Celebration of Love, a nonprofit organization, gifted more than 1,300 bikes and 8,000 toys to more than 800 military families on Fort Hood Friday at Hanger 6978.
More than 600 volunteers were at the heart of the event, which consisted of a bike assembly on Dec. 11, a Christmas toy sorting on Dec. 12, and the main event Friday night. The volunteers were the ones who made the gift-giving celebration possible. Also, a car was gifted to a military parent in need and two electric scooters were raffled off.
“It’s not about a handout,” Ramsey said. “It’s about a hand-up.”
Staff Sgt. Melissa Axtell, a 1st Cavalry Division Religious Affairs Soldier, was one of the hundreds of volunteers who had one goal in mind.
“We just want to show them love. We just want to show them that the community is here to help,” she said about military families. “Sometimes the holidays get a little bit expensive. Some of these Soldiers don’t make that much money. It’s nice to just show them love and that we are here as one big family – one big community.”
Axtell, who has been in the Army for almost 20 years, said although Soldiers volunteered to serve, their families didn’t.
“They haven’t volunteered for this stuff, but they are along for the ride and all the support that our families give us, to keep us doing our mission, it’s nice to be able to include them and show them love as well,” she said.

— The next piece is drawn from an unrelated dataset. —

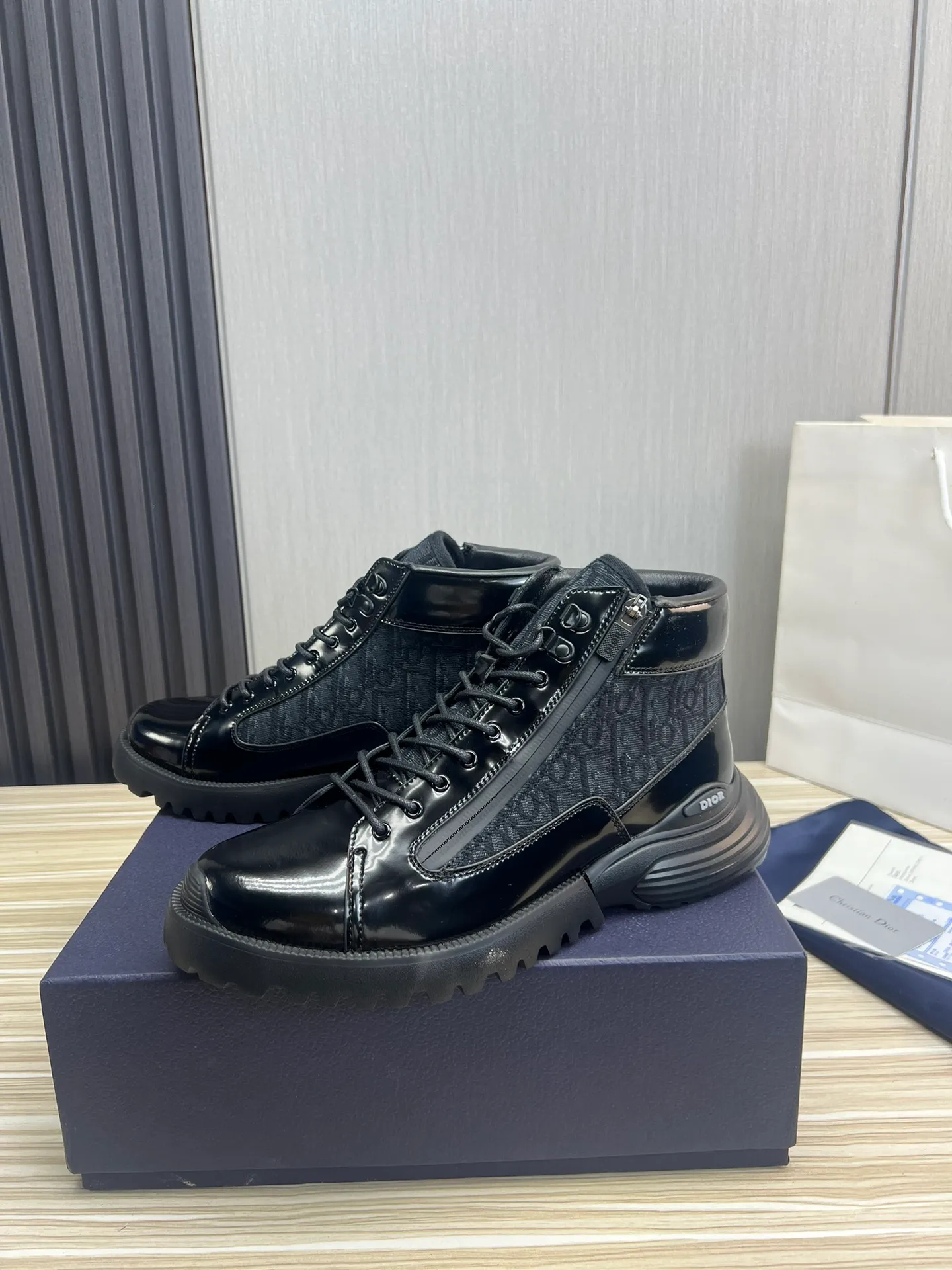 Men's men's shoes💰640💰 Dior men's business casual leather shoes👞all made of imported original brand leather, just to create a more comfortable wearing experience, upper: original cowhide splicing➕imported sheepskin lining, original non-slip and wear-resistant rubber outsole✔️36-45 (45 non-returnable)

Although she doesn’t have children herself, she understands the impact the Army can have on military children.
“It’s hard enough on troops – to do what we do, it’s even harder on the children,” Axtell said. “So doing an event like this, to show that we care. I think it’s a big deal.”
She said she enjoyed making Christmas possible for the children on Fort Hood.
“It’s just so awesome to see the kids come in. We get the stage lit up for the opening ceremony, have a lot of entertainment, good food,” Axtell said. “Kids get all hyped up and their faces are glowing.”
Celebration of Love didn’t pull off this celebration alone.
“I’m grateful for the donors, with Celebration of Love – the people who have given so much to make this happen – just a huge thanks to them,” Axtell said.
Ramsey said the celebration was for all the sacrifices Soldiers and their families have endured for the sake of the nation’s freedom.
“This is nothing in comparison to what our military families go through,” he said. “We’re just doing an act of kindness, love and generosity with our community.”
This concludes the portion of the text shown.